Cyber Risk in Supply Chains

00:08 Introduction
00:27 Richard, perhaps you could start by telling us a little more about yourself and the work you do at Cranfield?
02:46 Joannes, what is your initial overview on cyber risk and its impact on our supply chains?
04:20 What makes our supply chains so hard to secure?
06:34 Is increased connectivity a weakness?
09:29 What are the methods that we can introduce to ensure that our systems are safe?
12:38 Do you want to add something on the methods to make our systems safer?
16:07 What can companies do to protect themselves, especially with an increasing number of staff working from home?
17:42 What is your advice on how to protect a company from cyber risks?
22:08 What do you see for the future of cyber security?


As coronavirus swept the world, numerous organisations quickly transitioned towards remote working. However, with so many employees working from home, these less secure environments created new security vulnerabilities. As such, for this episode of LokadTV, we are joined by Professor Richard Wilding who tackles with us this complex topic of cyber risk in supply chains.

Richard is a Chair (Full Professor) in Supply Chain Strategy at the Centre for Logistics and Supply Chain Management, Cranfield School of Management UK. He works with both European and international companies on logistics and supply chain projects for a vast variety of sectors, such as pharmaceutical, retail, automotive, food, drink and professional services.

He also conducted research into inventory policies of organisations in times of risk and uncertainty, which resulted in international media coverage, including live interviews on BBC1 News, BBC News 24, BBC’s “The Money Programme”, BBC 5 Live and Independent Radio News. He was appointed an Officer of the Most Excellent Order of the British Empire (OBE) by Queen Elizabeth II in the 2013 New Year Honours, for services to business in recognition of outstanding achievements in the area of logistics and supply chain management.

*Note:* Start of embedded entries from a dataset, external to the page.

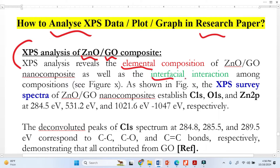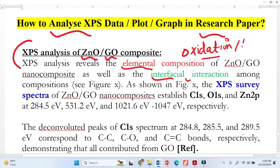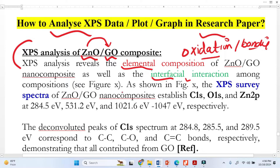From the high-resolution spectra we identify the interfacial interaction — meaning the bonding and the oxidation state. What is the bonding information? This means what is the surrounding environment of that particular element — whether zinc forms a composite with graphene or not, whether they form bonding or not. This kind of information we get from high-resolution spectra.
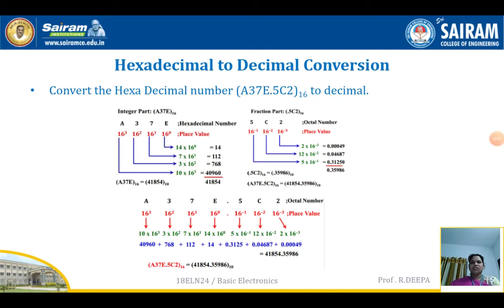Good morning. In today's class we are going to continue with the conversion part of the decimal system. I'm going to teach you how to convert decimal to hexadecimal and vice versa, then octal to decimal and vice versa, then conversion between binary to hexadecimal, hexadecimal to binary, binary to octal, octal to hexadecimal, and so on.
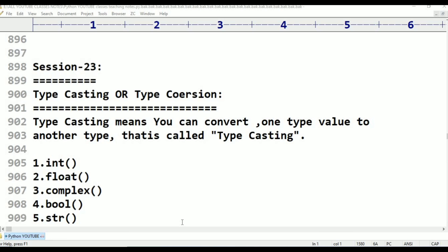Type casting is also called type coercion. For example, if I have an int type, I want to convert it to float, complex, or string type. You can convert one data type to another data type. Is it possible to convert? Yes, it is. We are able to convert perfectly.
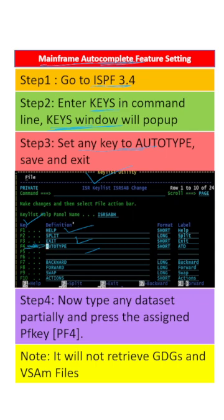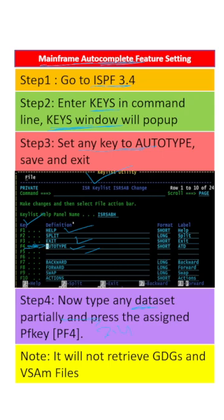After saving and exiting, enter any dataset name partially in 3.4, then press the assigned function key. Here we have assigned F4. Your dataset will then autocomplete.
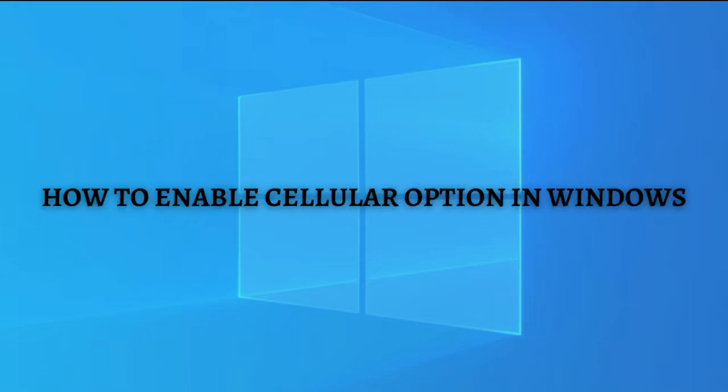Hi and welcome back to the channel. Thank you so much for clicking into this video. In this video, I'm going to teach you how to enable cellular option in Windows. Make sure that you stay until the very end of this video so you don't miss any important step or information. Without further ado, let's get on it.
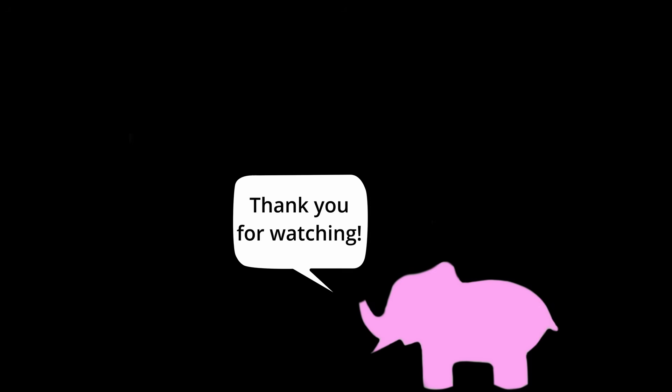Thank you all for watching the video, and thank you to my supporters on Patreon. Until next time.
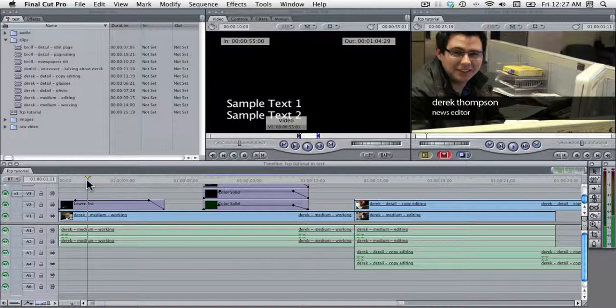In the last screencast we covered how to make a simple lower thirds element to add to your Final Cut project. But if you produce multimedia on a consistent basis,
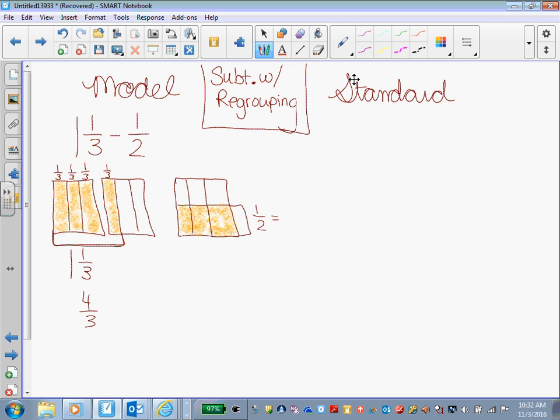You can draw three vertical lines in my half box, which means that my 1/2 is equivalent to what? Three sixths. Okay, we have one, two, three sixths. So Addie is going to take away three brownies. Good brownies, too.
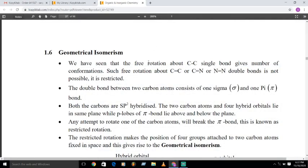Hello students. In the last videos we have seen optical isomerism, which is due to the rotation of plane polarized light by the molecule in the right-hand or left-hand direction. Now let us see the next type of isomerism: geometrical isomerism.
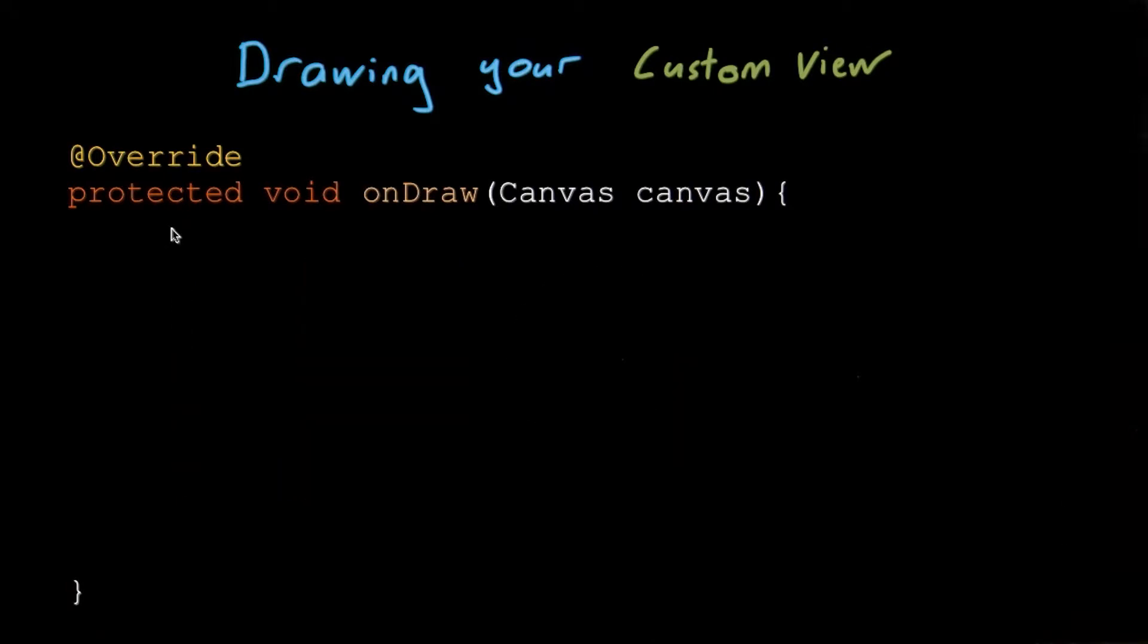Now I could spend a lot of time here detailing exactly how to use each of these tools. There's nothing unique to Android and it's covered really well in the documentation link below.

Cyber risk is something that is often extremely conterintuitive in practice. For example, it’s very difficult to detect security problems in software as most of the usual testing methodologies do not work, as do many development practices. It’s a topic that could be described as illusive.

Nowadays, many companies use cloud software, which is generally more secure. However, it is also more exposed to attacks as there are more entry points. Web apps also present entire classes of potential security problems that are, by design, practically impossible to eliminate.

From a supply chain perspective, companies want and need things to be relatively open - to be able to connect with the various elements that make up the chain, ie. suppliers and customers. But this creates yet more entry points for an attacker.

To wrap things up, we discuss the most common cyber attack tactics, the costly hacking attacks that both Target and Google’s offices in Australia suffered and what can potentially be done to prevent such attacks - for example working with “white hat” hackers.